First, calculate the integral alone $\dlc_1$. Parametrize $\dlc_1$ by $\dllp(t)=(\cos t, \sin t)$, $0 \le t \le \pi$. Then $\dllp'(t) = (-\sin t, \cos t)$. Calculating: \begin{align*} \lint{\dlc_1}{\dlvf} &= \plint{0}{\pi}{\dlvf}{\dllp}\\ &= \int_0^\pi \dlvf(\cos t, \sin t) \cdot (-\sin t, \cos t) dt\\ &= \int_0^\pi (\sin^2 t, 3 \cos t \sin t) \cdot (-\sin t, \cos t) dt\\ &= \int_0^\pi (-\sin^3t + 3 \sin t\cos^2 t ) dt\\ &= \int_0^\pi (-\sin t(1-\cos^2 t) + 3 \sin t \cos^2 t ) dt\\ &= \int_0^\pi (-\sin t + 4\sin t \cos^2 t ) dt \end{align*} We can calculate that \begin{align*} \int_0^\pi \sin t \, dt = 2 \end{align*} and (let $u=\cos t$, $du = -\sin t \, dt$) \begin{align*} \int_0^\pi \sin t \cos^2 t\, dt &= \int_1^{-1} - u^2 du\\ &=\left.\left. - \frac{u^3}{3} \right|_1^{-1}\right. = -(-1)/3 + 1/3 = 2/3. \end{align*} Therefore. \begin{align*} \lint{\dlc_1}{\dlvf} = -2 + 4(2/3) = -2 + 8/3 = 2/3. \end{align*}

The integral along $\dlc_2$ is easy. Along $\dlc_2$, $y=0$, so that $\dlvf(x,y) = (y^2,3xy) = (0,0)$. Consequently, \begin{align*} \lint{\dlc_2}{\dlvf} = 0. \end{align*}

Putting this all together, we verify that \begin{align*} \dlint = \lint{\dlc_1}{\dlvf} +\lint{\dlc_2}{\dlvf} = \frac{2}{3} + 0 = \frac{2}{3}. \end{align*} Our direct calculation of the line integral agrees with the above result that we obtained by applying Green's theorem to convert the line integral to a double integral.

#### Example 2

Let $\dlvf=(y,0)$. What is sign of the circulation of $\dlvf$ around the CCW-oriented unit circle? Calculate circulation exactly with Green's theorem where $\dlr$ is unit disk.

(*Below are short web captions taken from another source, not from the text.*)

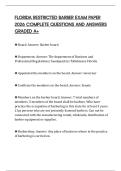 FLORIDA RESTRICTED BARBER EXAM PAPER 2026 COMPLETE QUESTIONS AND ANSWERS GRADED A&plus;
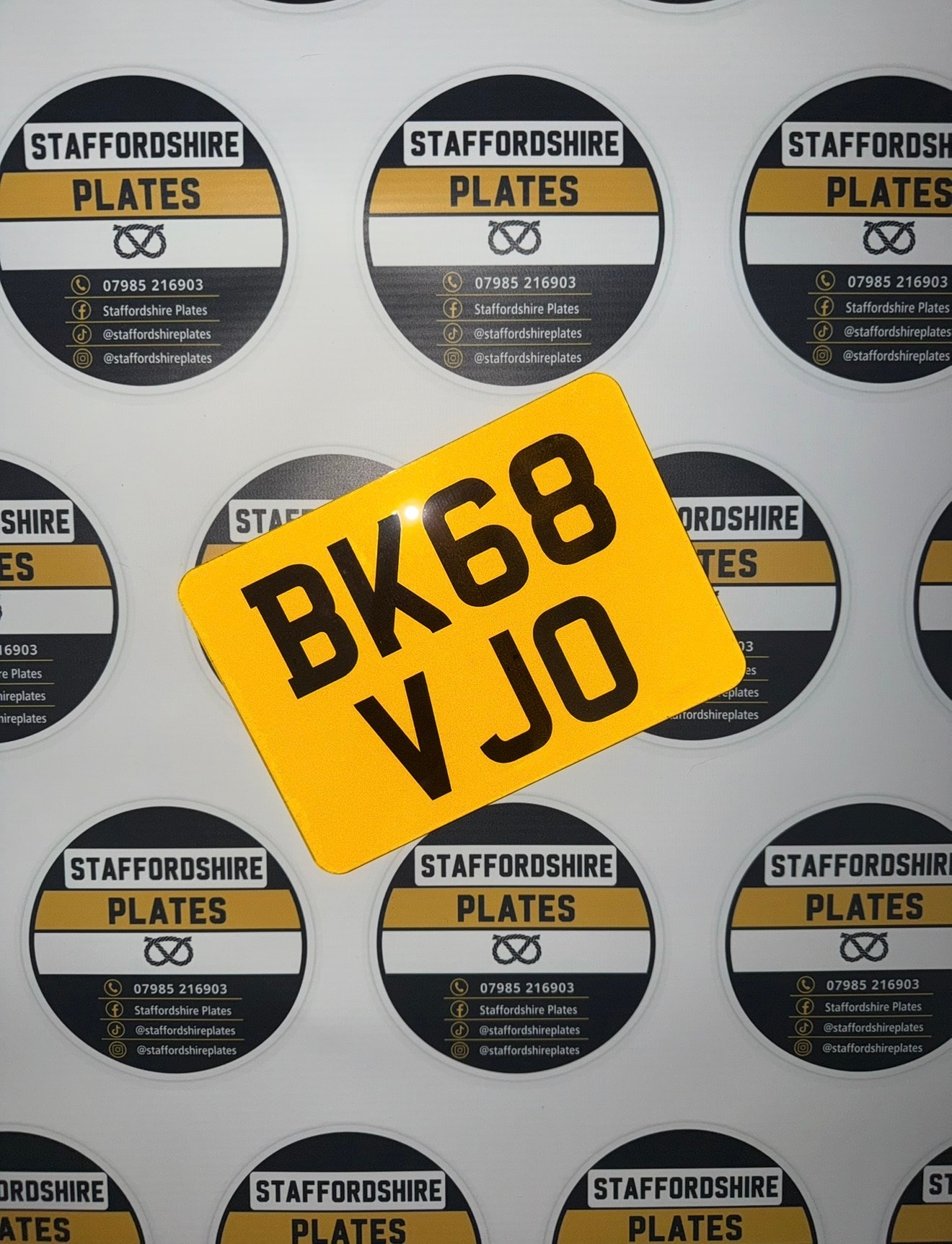 Yellow BK68 VJO custom number plate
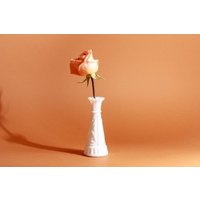 70Er Jahre Vintage Weiße Milch Glas Geätzt Glänzend Vase von BranchesVintage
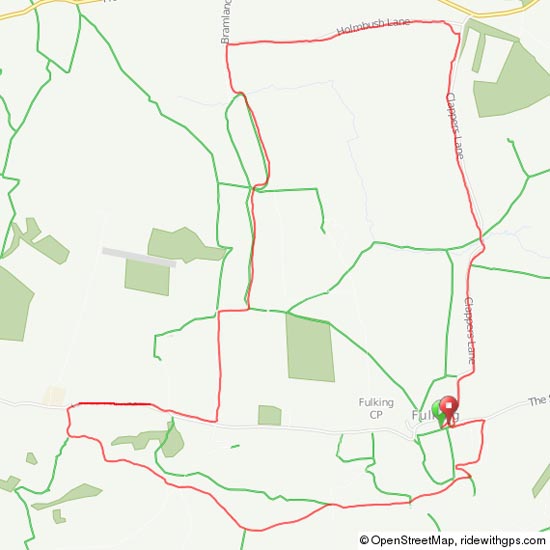 Map of MTB route - Fulking-Nettledown-Truleigh Hill loop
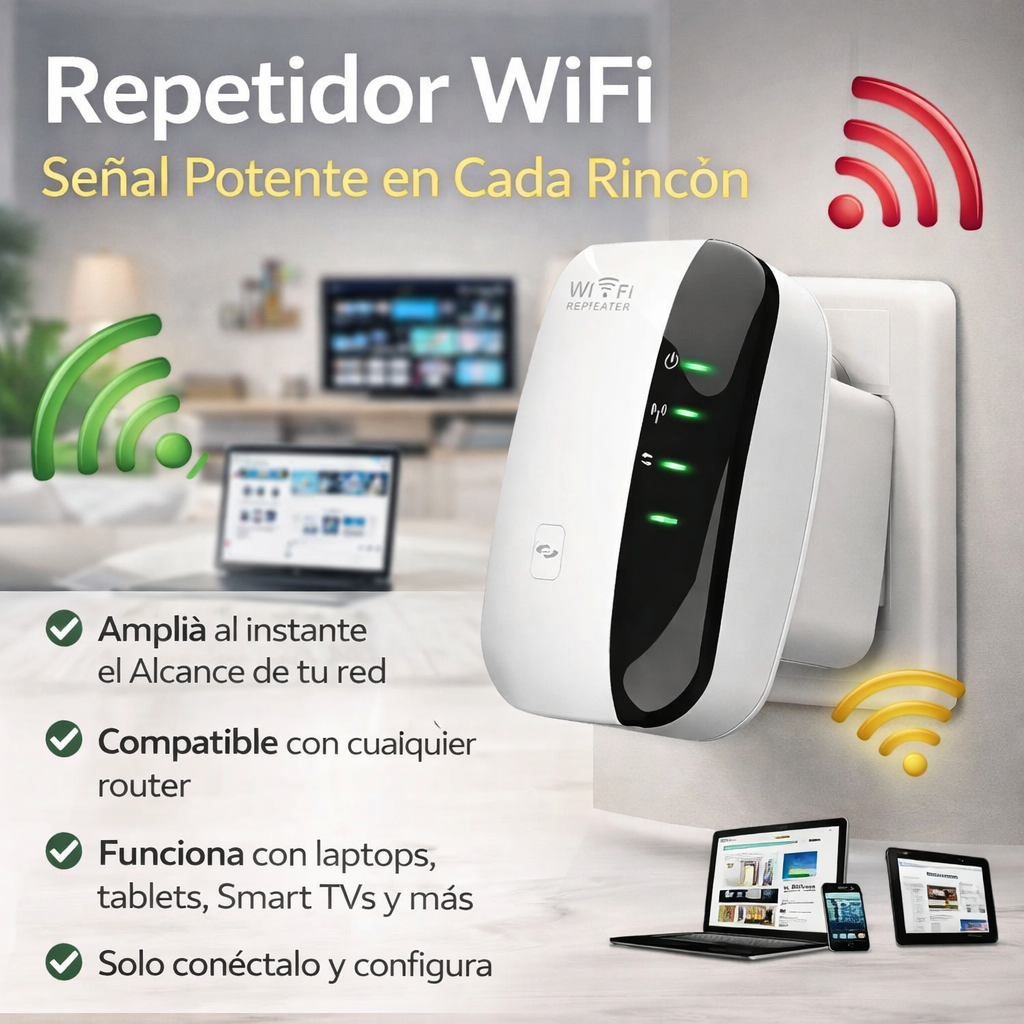 Infografía Repetidor WiFi con señal potente para Smart TV, laptops, tablets y smartphones - Todo Para Todo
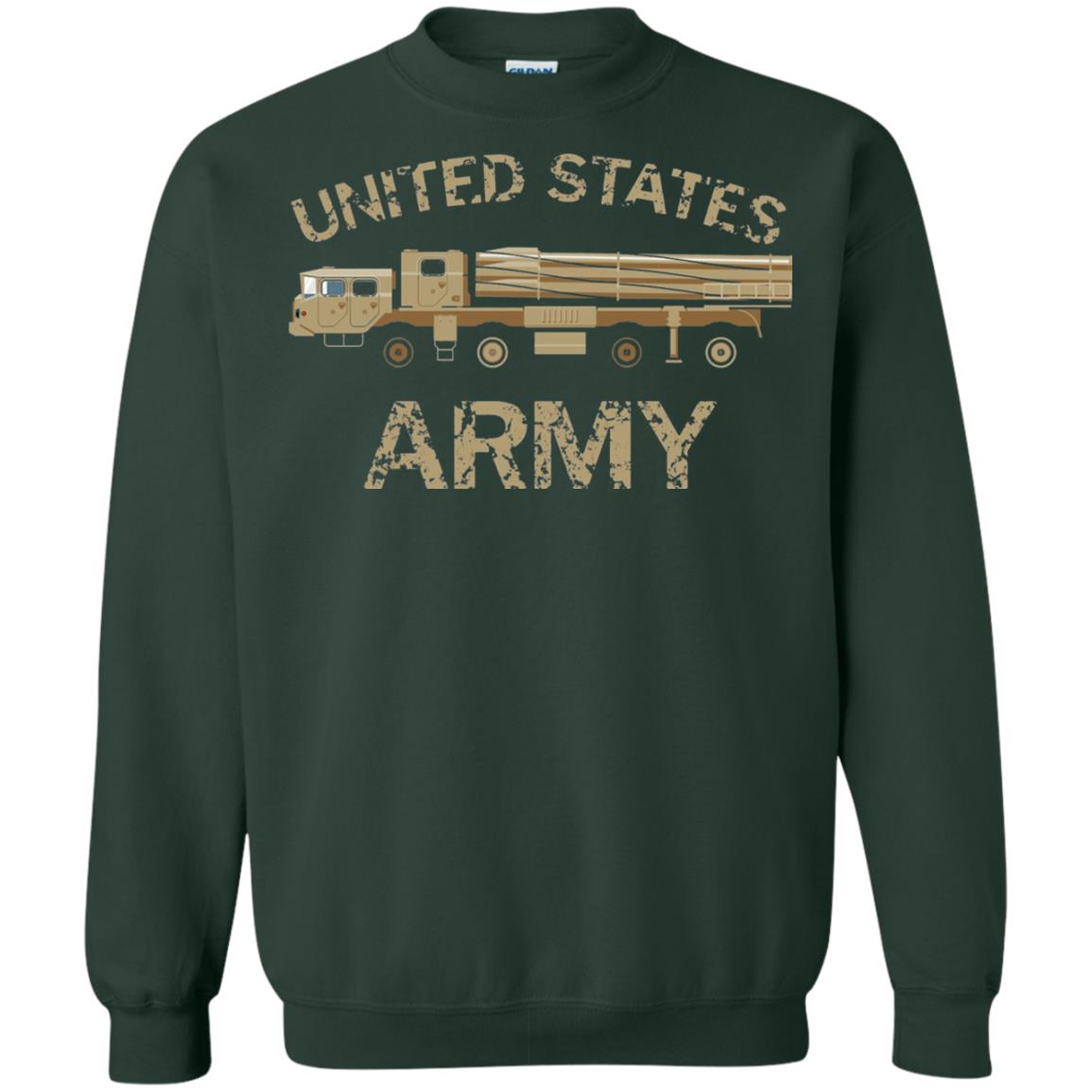 United States Army Missile Truck Vehicle Grunge T-shirt Forest Green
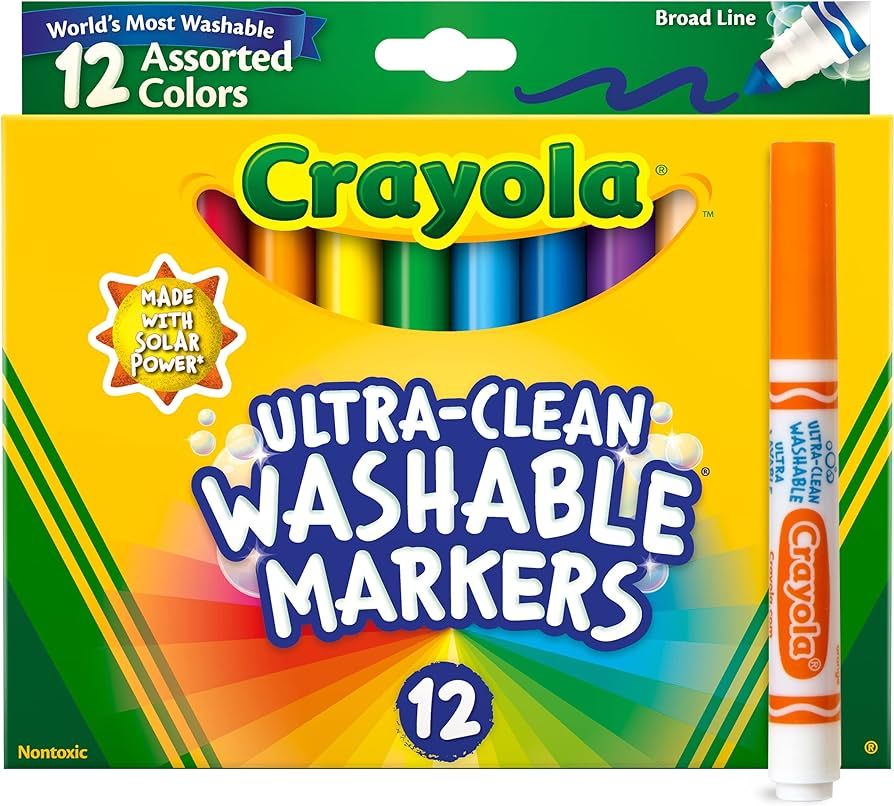 Crayola Broad Line Markers (12 Count), Washable Markers for Kids, Assorted, Great for Classrooms ... | Amazon (US)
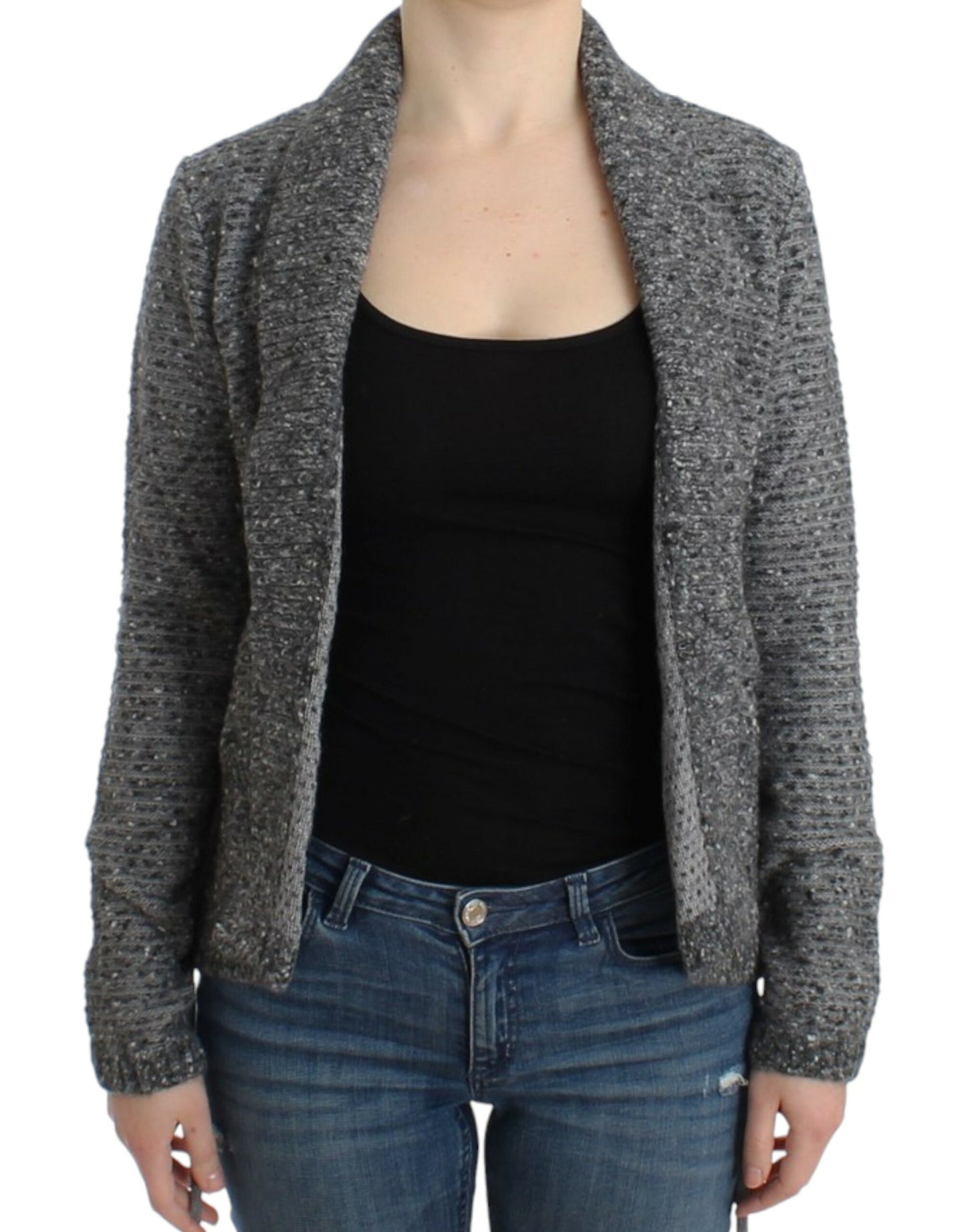 Gray wool knitted cardigan-Cavalli-LabelTerrace.com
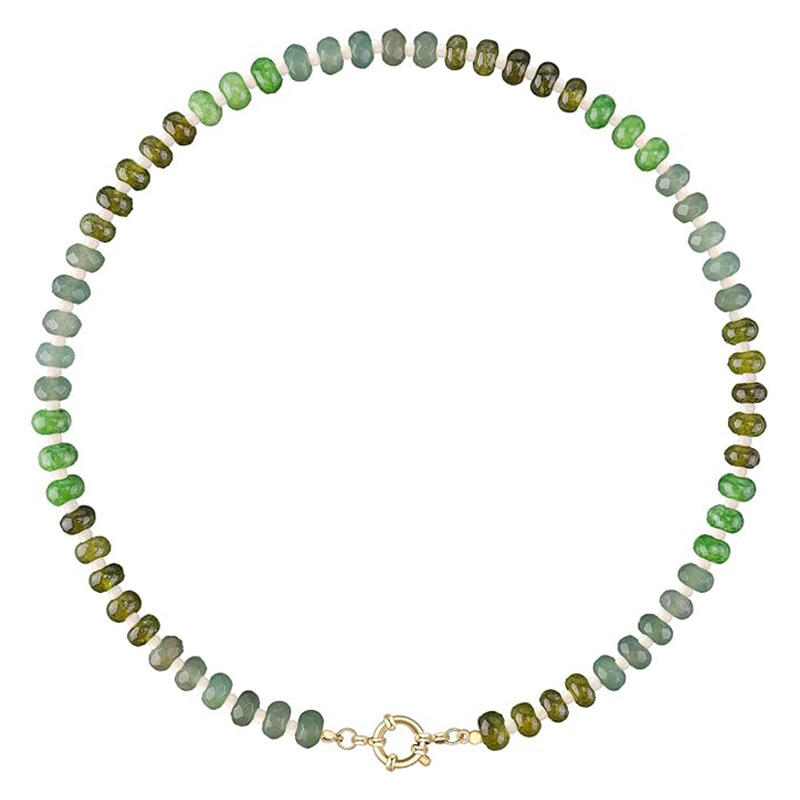 15g Weight Lobster Trigger Clasp Closure Clasp Closure Type Necklace Classification Beaded Chain Chain Type 1 Piece Quantity Daily, Street Occasion natural stone Material Geometric Pattern Women's Gender Simple Style Style Simple Style Geometric Natural Stone Beaded Chain Necklace 22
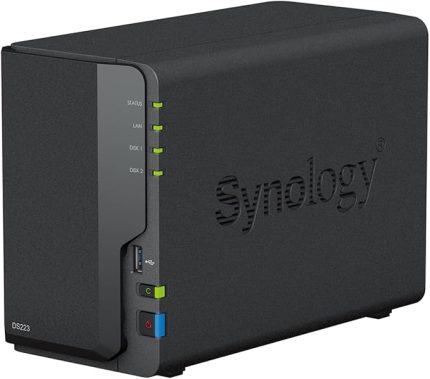DS223 2 yuvalı disk istasyonu NAS (Realtek RTD1619B Quad-Core 2GB Ram 1xRJ-45 1GbE LAN bağlantı noktası), siyah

**Solution**: The circulation of a vector field around a curve is equal to the
line integral of the vector field around the curve. We can see from
the picture that the sign of circulation is negative, as the vector
field tends to point in the opposite direction of the curve's
orientation.

Since we must use Green's theorem and the original integral was a line integral, this means we must covert the integral into a double integral. The requisite partial derivatives are \begin{align*} \pdiff{\dlvfc_2}{x} = 0, \quad \pdiff{\dlvfc_1}{y} = 1, \quad \pdiff{\dlvfc_2}{x} - \pdiff{\dlvfc_1}{y} =-1, \end{align*} so that original line integral becomes the double integral \begin{align*} \dlint &= \iint_\dlr (-1) dA\\ &= - \iint_\dlr dA. \end{align*} Now, we could go ahead and compute this double integral. But we are lazy. We know that the above integral is simply the area of $\dlr$. So, we take the shortcut: \begin{align*} \dlint &= - \iint_\dlr dA\\ &= -1 \cdot \text{area of } ~ \dlr = -\pi. \end{align*} At least our answer is negative like we concluded it must be.